Monday, June 01, 2015

Economia, política e os "agentes racionais"

Este comentário de Luís Pedro Coelho (em tempos um comentador regular deste blogue) no Marginal Revolution (ver também aqui) fez-me pensar numa coisa - no facto de nos últimos anos ter se tornado popular numa certa esquerda criticar a economia convencional por esta assumir excessiva racionalidade nos agentes (penso que um bom exemplo português serão alguns Ladrões de Bicicletas); mas o problema que vejo nisso é que a combinação "racionalidade limitada"+esquerda parece-me a mais díficil de conceber.

As outras combinação são relativamente óbvias:

- racionalidade pura + direita: "Agentes racionais guiados pelo interesse próprio agirão da forma que lhes é mais vantajosa, e ao fazer isso vão, no agregado, atingir os resultados mais vantajosos à sociedade no seu todo, mesmo que não tenham essa intenção" - creio que é a posição liberal clássical

- racionalidade pura + esquerda: "Os tais agentes racionais guiados pelo interesse próprio podem muitas vezes tomar decisões que são as melhores do ponto de vista individual mas que no agregado são prejudiciais - veja-se o «dilema do prisioneiro», p.ex.

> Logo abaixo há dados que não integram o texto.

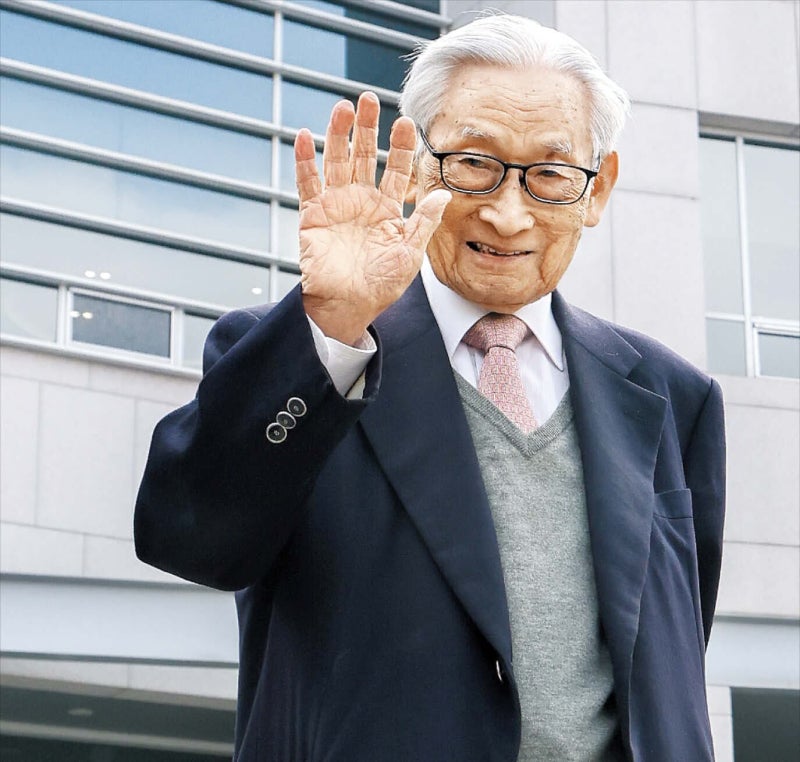 실험 장비 없어 종이·연필로 연구 시작… ‘韓 생명공학 선구자’ 조완규 前 총장 별세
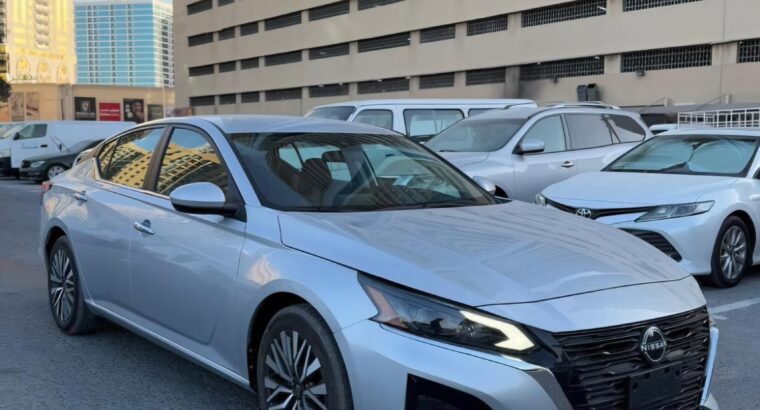 Nissan altima Sv 2023 USA imported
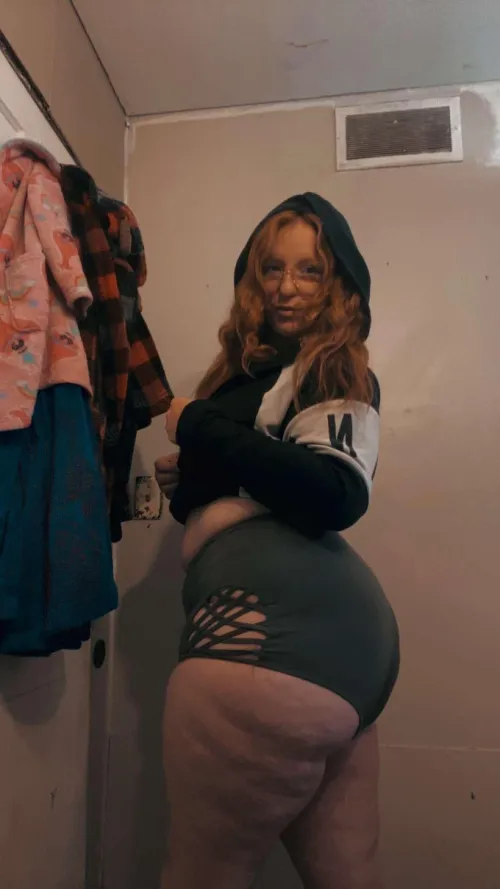 Rate my booty please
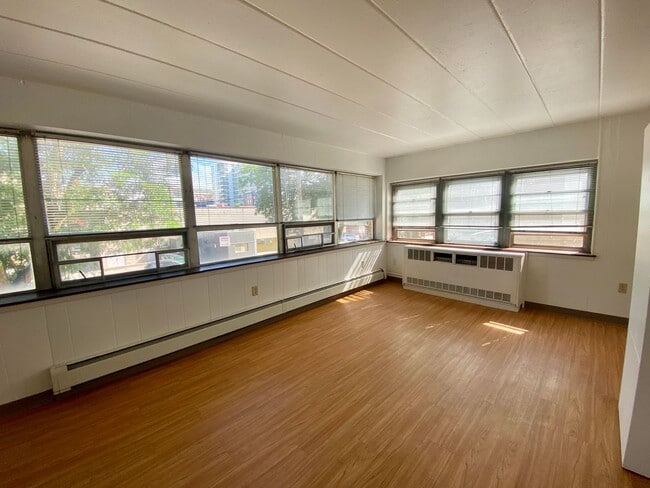 Photo - 140 W. Gorham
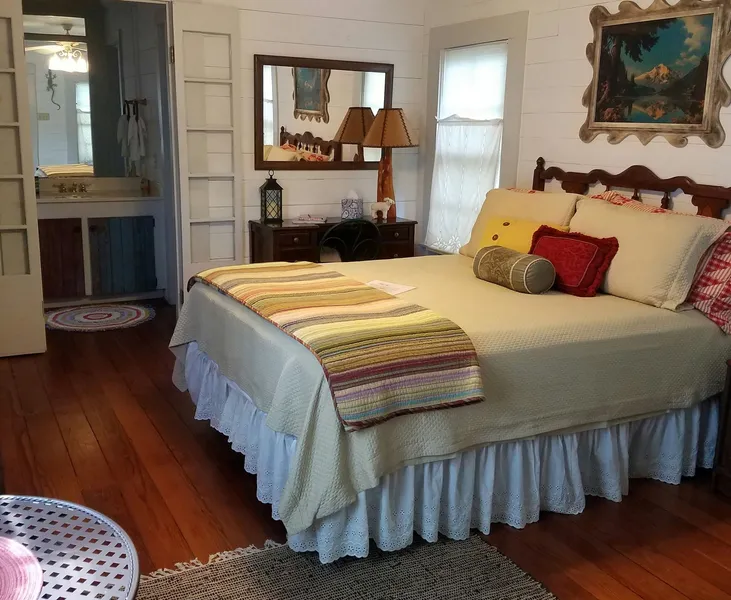 The Carriage House B&B hotel detail image 2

Mas  isso resolve-se facilmente: felizmente esses agentes racionais também são capazes de usar a sua racionalidade para desenhar leis e instituições que resolvam o conflito entre o interesse privado e o interesse público, levando - através de castigos ou incentivos - os indivíduos a se comportarem da maneira mais consistente para o interesse geral. Para isto tanto faz que os agentes sejam ao não guiados pelo interesse próprio - é capaz de ser marginalmente melhor que as pessoas façam as leis a pensar no bem comum, mas se cada um defender as leis que melhor defendem o seu interesse particular também não vem grande mal ao mundo, já que o resultado final acabará à mesma por ser leis que correspondem ao maior bem estar para o maior número de pessoas" - desde os tempos do Iluminismo que as várias esquerdas defendem variantes desta posição

- racionalidade limitada + direita: "A maior parte dos empreendimentos humanos estão condenados ao fracasso, porque a razão humana é falível; coisas que no papel parecem brilhantes ideias revelam-se catastróficas no mundo real, porque há muita coisa que a razão não é capaz de processar ou até de compreender. O melhor, tanto na política como na economia, é um lento processo de tentativa e erro, em que as ideias estúpidas acabam por ser abandonadas ao se ver que fracassam, e só sobrevivem as poucas que resultam; assim, na política o melhor é mantermo-nos com as leis antigas, e na economia aceitar o resultado do jogo dos mercados. Provavelmente haverá muitas leis que poderiam ser melhoradas, e muitas falhas de mercado que poderiam ser resolvidas com a política correta, mas no mundo real não existe o iluminado benevolente e omnisciente capaz de identificar e resolver esses casos" - creio que é basicamente a posição conservadora e liberal-conservadora, à Edmund Burke ou Hayek

Mas a posição racionalidade limitada + esquerda não estou a ver muito bem como possa ser. Não digo que nalgumas situações específicas (p.ex., a "equivalência ricardiana") não se possa defender posições de esquerda a partir do princípio da racionalidade limitada, mas parece-me díficil fazer isso de forma sistemática (poderá-se perguntar se a macroeconomia keynesiana, que assenta quase completamente na ideia da rigidez dos preços, não poderá ser um exemplo, mas creio que não, porque a rigidez relativa dos preços pode perfeitamente ser explicada sem grandes desvios face ao principio da racionalidade dos agentes - basta assumir que pensar em novos preços dá trabalho, e que portanto mudar os preços só de vez em quando não é o resultado de nenhum "bias" subconsciente mas sim mais um exemplo de agentes racionais maximizando a sua utilidade, neste caso reduzindo os custos de pensar)

1 comment:

luispedro said...

Vou comentar novamente aqui no blogue :)

Parte do meu comentário, é que nos últimos anos, muita esquerda (com pouca memória histórica) contentou-se em associar-se com uma direita anti-mercado (e até anti-liberal) porque pelo menos estavam contra o mercado livre.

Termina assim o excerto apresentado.